S'incamminò lungo una cresta d'arenaria rosa dai venti inclementi, verso quello che sembrava uno sbuffo di fumo nero contro il cielo bianco; per quella che restava pur sempre un'agente, era un altro mistero sul quale indagare. L'ultimo.

Al riparo di una guglia sporgente dal suolo, trasse di tasca un binocolo, e si mise in osservazione. E lo vide.

Di nuovo, rimpianse di non essere nata cieca.

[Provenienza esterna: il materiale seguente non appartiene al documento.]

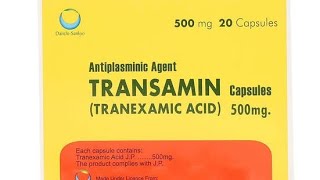 Transamin Capsule 500mg Uses in urdu  How to use Transamin  Tranexamic Acid  Bleeding  By Mr Med [upl. by Dazraf]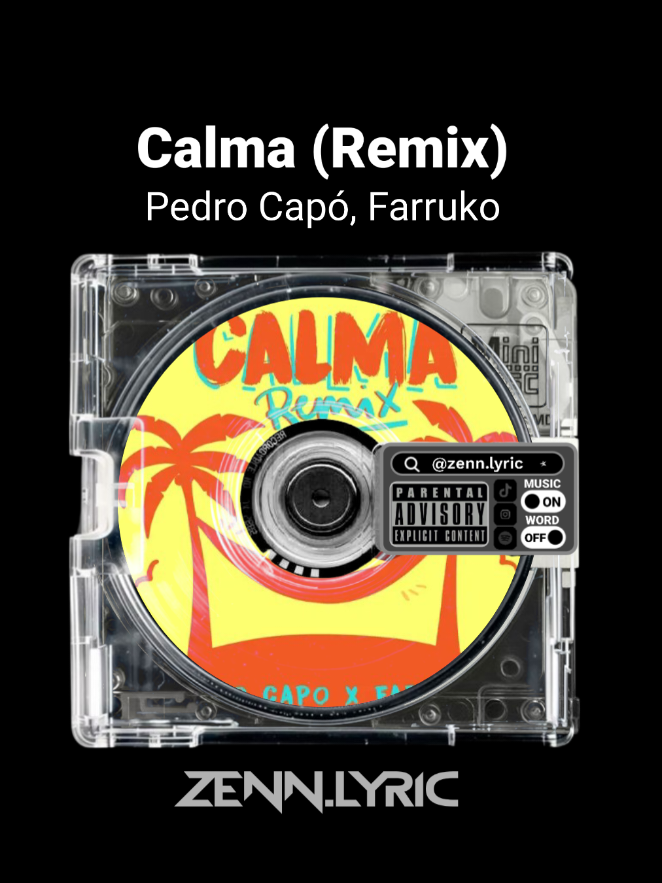 Calma (Remix)✨🎧 #zennslowed #mytypemusic #aesthetic #lyrics #fypシ゚ 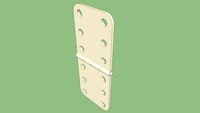 Du-Bro 119 7/16' x 1-1/8' Small Nylon Hinge
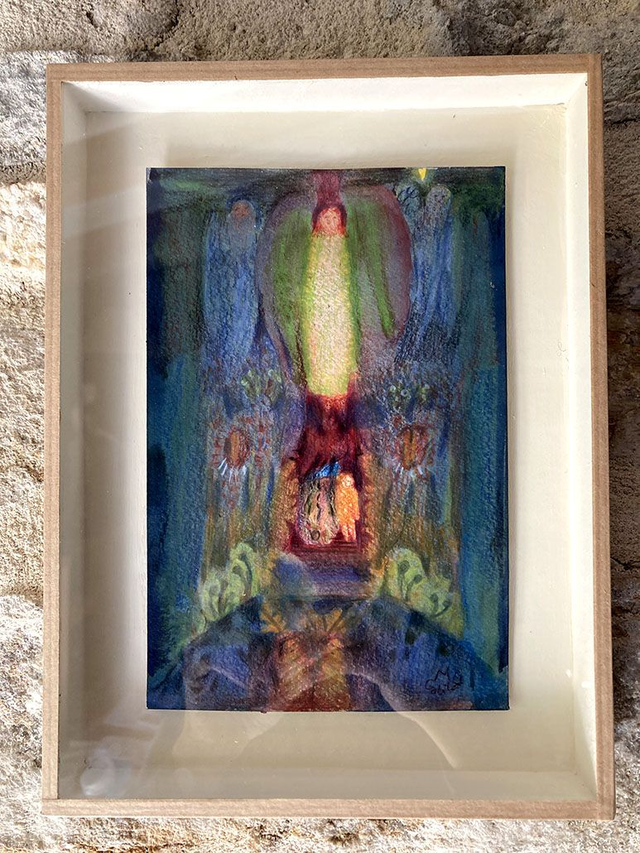 L'éveil de l'ange encadré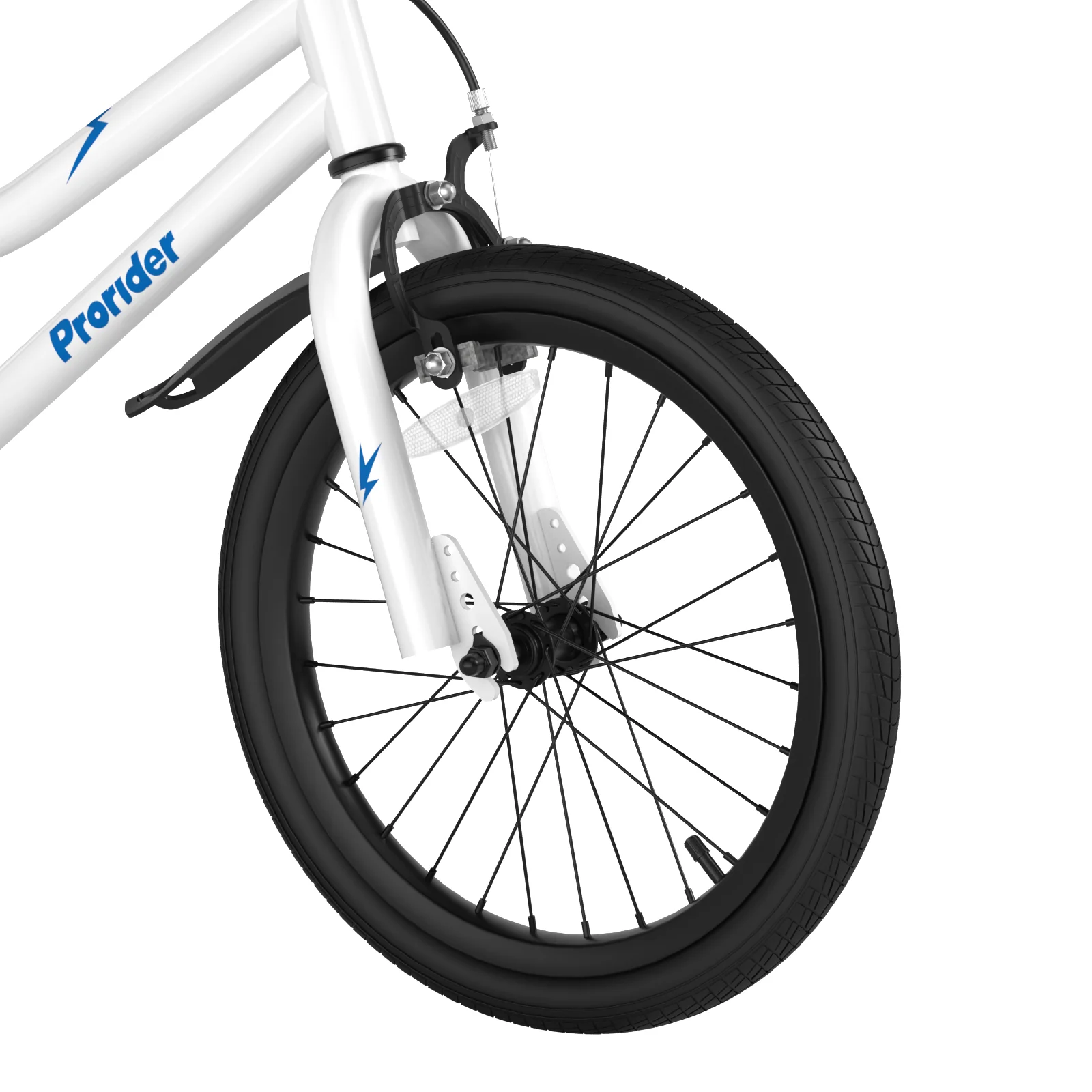 18 Feet Kids Bike with Removable Training Wheels-White - Image 7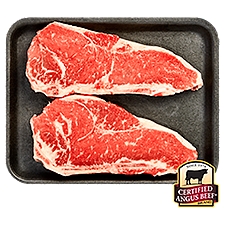 Certified Angus Beef, New York Strip Steak, Bone-In, Twin Pack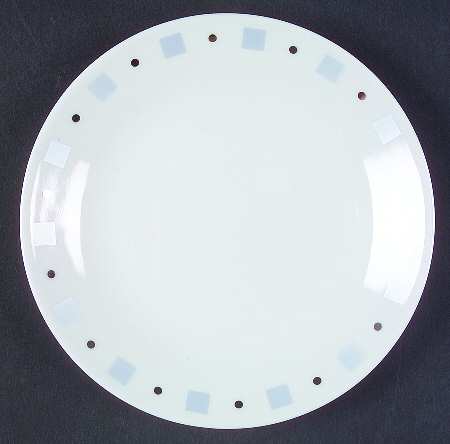 Baltik White & Blue Bread & Butter Plate
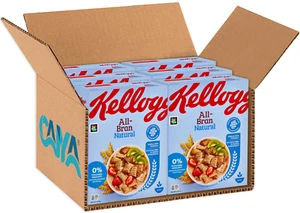 6x All Bran Natural 100% Vollkornprodukte ohne Zuckerzusatz 450g - Bild 1 von 6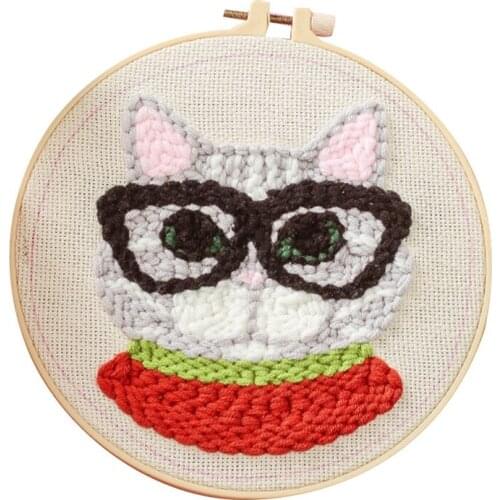 New Embroidery Pen Punch Needle Kit Craft Embroidery Threads Cross Stitch Art Hand Hoop DIY Knitting Sewing Accessory Tool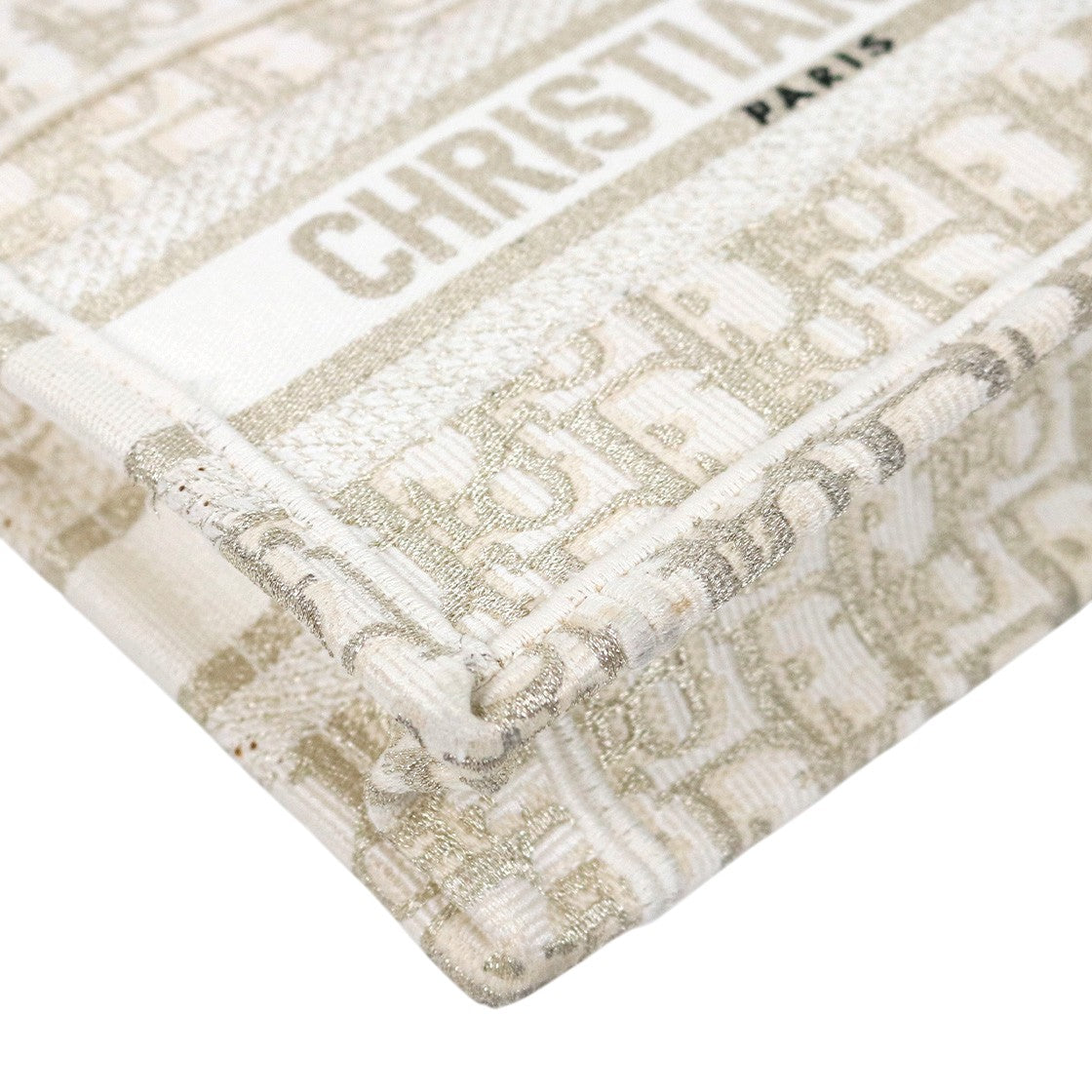 Dior Metallic Mini Oblique Book Tote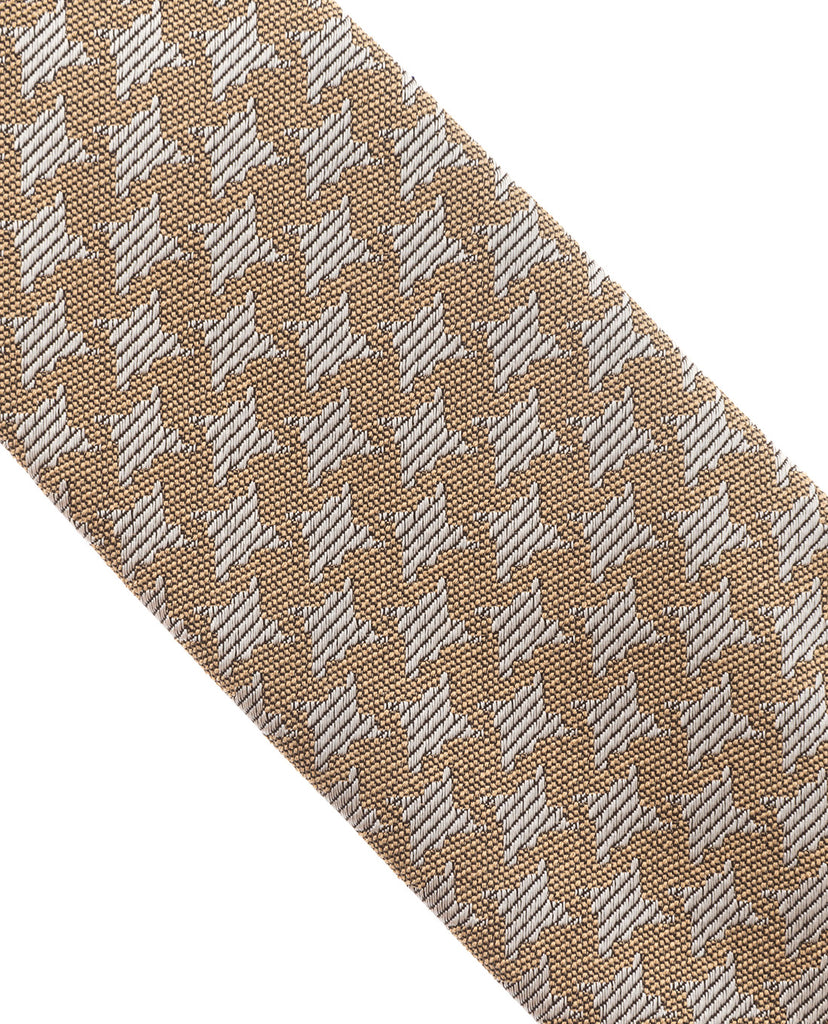 cravatta beige seta pied de poule paolo albizzati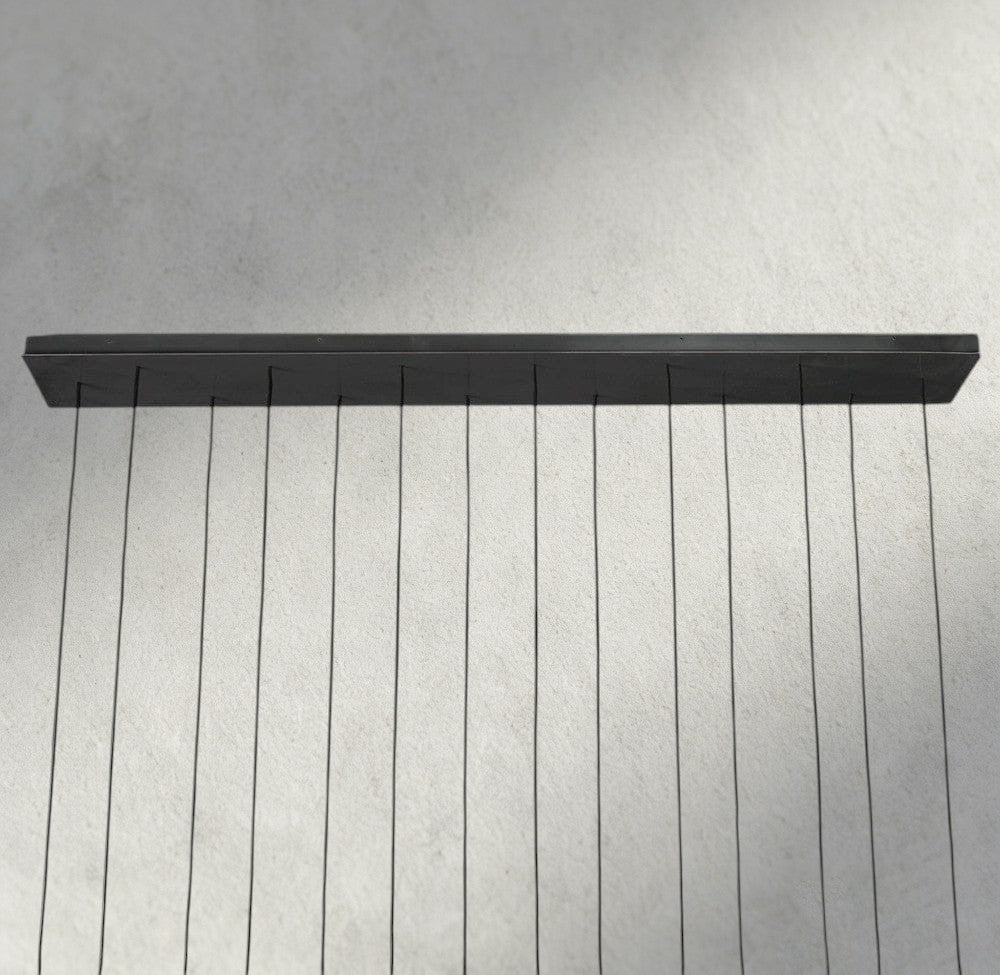 Aquitaine Linear Chandelier 72"-chandelier-Manorlights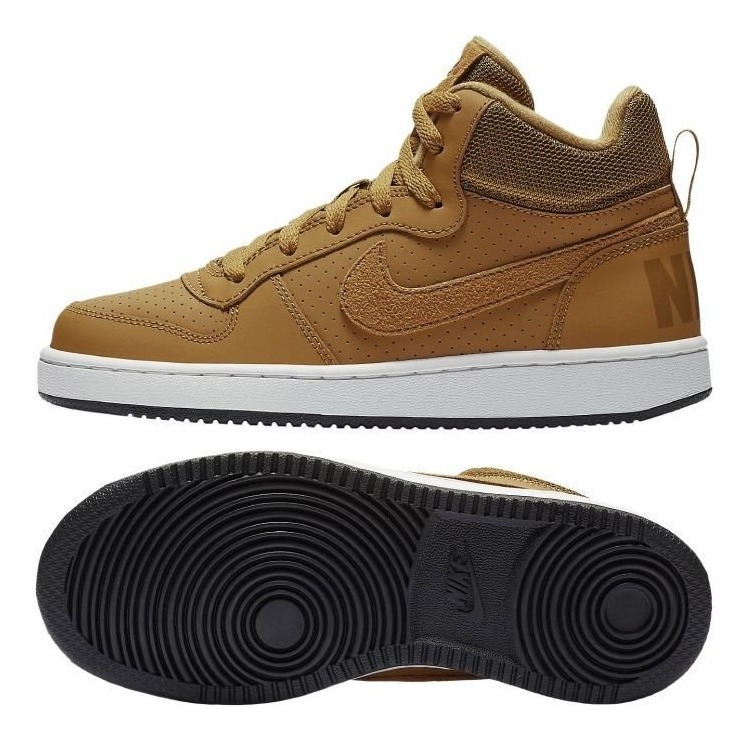 Tenis Nike Court Borough Mid Camel 839977-701 Nk0605 | Mercado Libre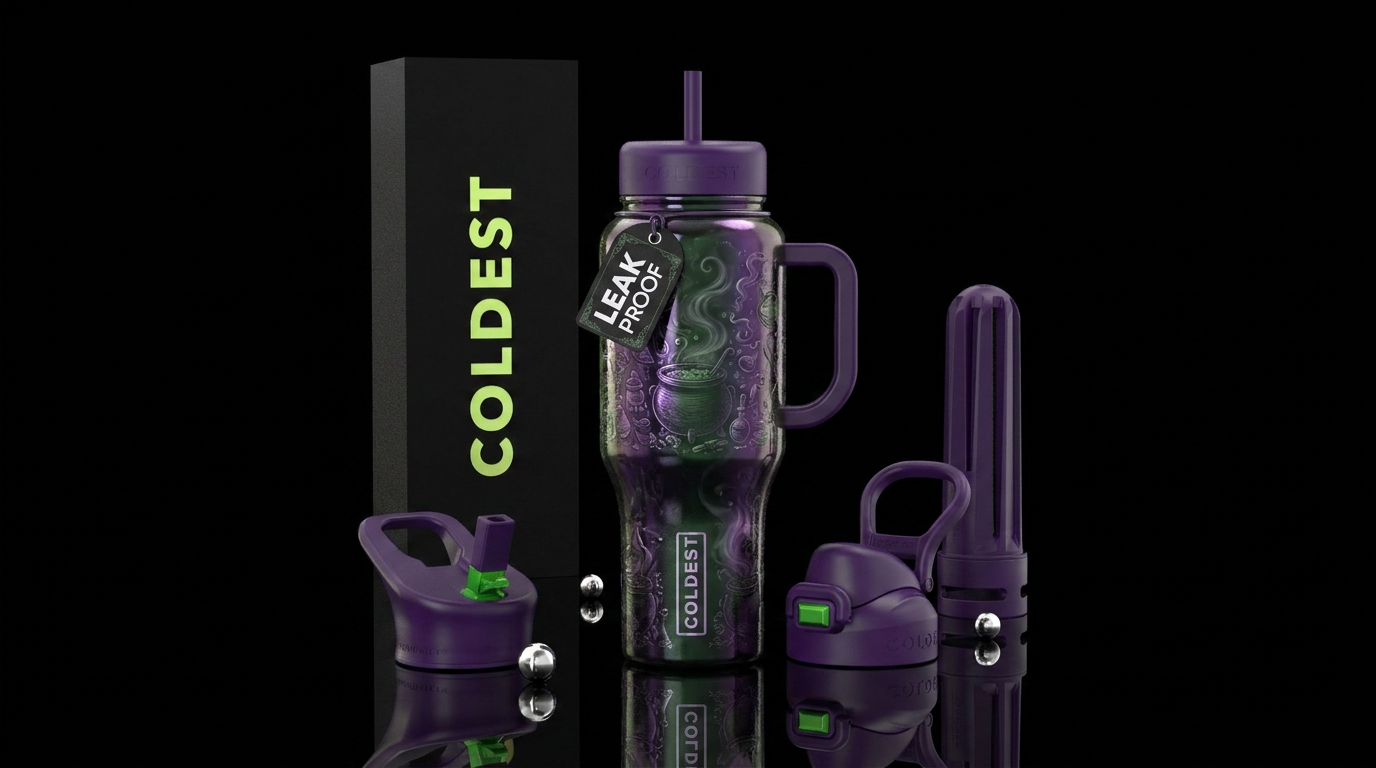 Witchs brew water bottle design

Era di un profondo blu cobalto; lungo una decina di metri, e a forma di fuso. E si contorceva.

Vivo.

Aveva una estremità infissa nel terreno, dal quale, forse, traeva sostentamento. L'altro capo era rivolto verso l'alto, e da quello emetteva cupi vapori nell'aria arroventata. Ima non ebbe alcun dubbio su cosa fossero; aveva già distinto, attraverso la membrana della larva semitrasparente, il corpo trattenuto al suo interno. Un corpo umano.

Non doveva essere una forma di vita dominante. Forse, non era nemmeno intelligente. Non era necessario, in fondo, che lo fosse, per il lavoro che era stata mandato a svolgere. Aprire la strada.